Crop damage from freezing temperatures could surpass last winter's record loss of $45 million, Ventura County agricultural officials said Monday.
Terry Schaeffer, an agricultural meteorologist with the National Weather Service in Santa Paula, said: "We're telling farmers to stock up on fuel for their heaters and wind machines, get a good rest and get prepared."
The cold has also taken a toll on flowers and shrubs in the San Fernando and Santa Clarita valleys. Retail nursery owners say they are receiving scores of telephone calls from frantic homeowners who have watched their plush green garden plants turn black, brown and droopy.
Schaeffer said hour-by-hour logs of Ventura County temperatures from last week, compared to 11 months ago and the big freezes in 1978 and 1979, indicate that "this year is just as bad, if not worse than all of those years."
A three-day freeze last January was described by Ventura County Agricultural Commissioner Earl McPhail as "the worst in county history," with lemons, avocados, Valencia oranges and strawberries hit hardest.
The extent of recent damage will not be known for another two to three weeks, when affected fruit falls from trees, officials said. But, McPhail said: "Already, lemons and oranges are showing signs of damage. It's looking pretty much the same as last January."
For three consecutive nights last week, temperatures hovered in the mid- and upper 20s for six to 12 hours, Schaeffer said. The danger temperature for citrus and avocados is 28 degrees. Hardest hit were the Camarillo-Somis area, Carpinteria, Santa Paula and Piru.
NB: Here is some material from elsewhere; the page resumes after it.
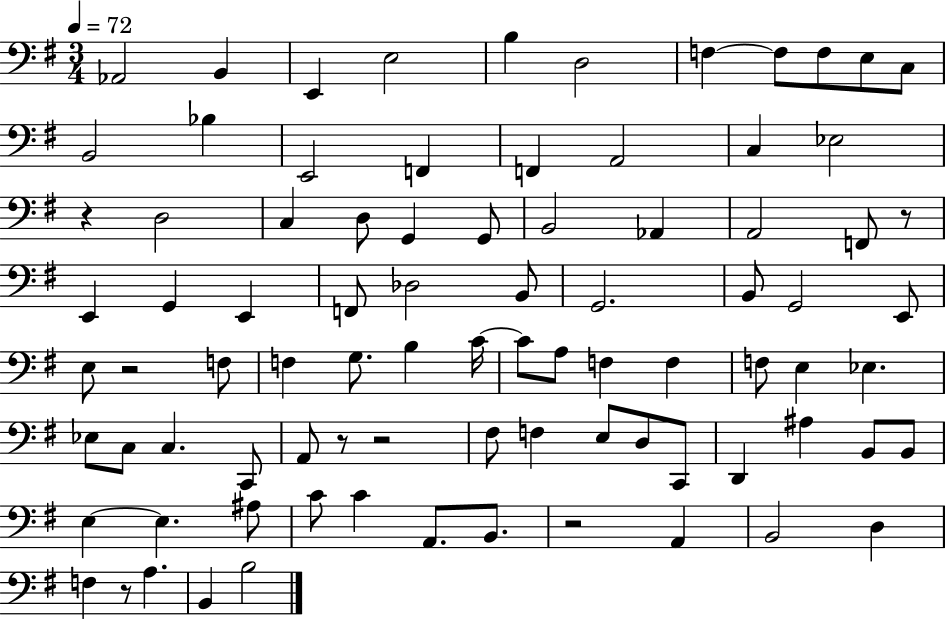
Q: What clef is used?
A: bass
He said it was colder for longer times than it was 11 months ago.
Rain Is Welcome
The showers have been generally welcomed by growers because fruit does not freeze when it is raining. Also, rain that freezes on the ground provides some protection to trees, officials said.
Jack Dickenson, president of Limoneira Associates, one of the largest growers of citrus fruit in Ventura County, estimates that he has spent about $200,000 on heaters, wind machines and helicopters to circulate air to protect crops.
Commercial farmers aren't the only growers who are suffering.
"We've had people calling and coming in all weekend asking us what they can do," said Mike Kanevich, nursery manager at Armstrong Garden Center in Thousand Oaks.
Kanevich and other area nursery managers advise gardeners to make tent-like coverings for plants with an old sheet or gunny sack. Plastic coverings tend to trap cold air inside a plant and do more harm than good, they said.
Home gardeners are also advised not to prune damaged leaves and branches until spring. "Making an incision now will make the plant susceptible to new damage because it will have an open wound," Kanevich said.
Popular plants that are particularly sensitive to cold are bougainvillea and hibiscus.
Green Thumb Nursery in Newhall reported thousands of dollars in damage to its stock because of the lingering cold weather.
First, high winds tore away the protective cloth covering over the nursery. Then snow fell in Newhall. Before the covering could be repaired, freezing temperatures hit.
"It's been a tough couple of weeks," said John Mahler, nursery manager.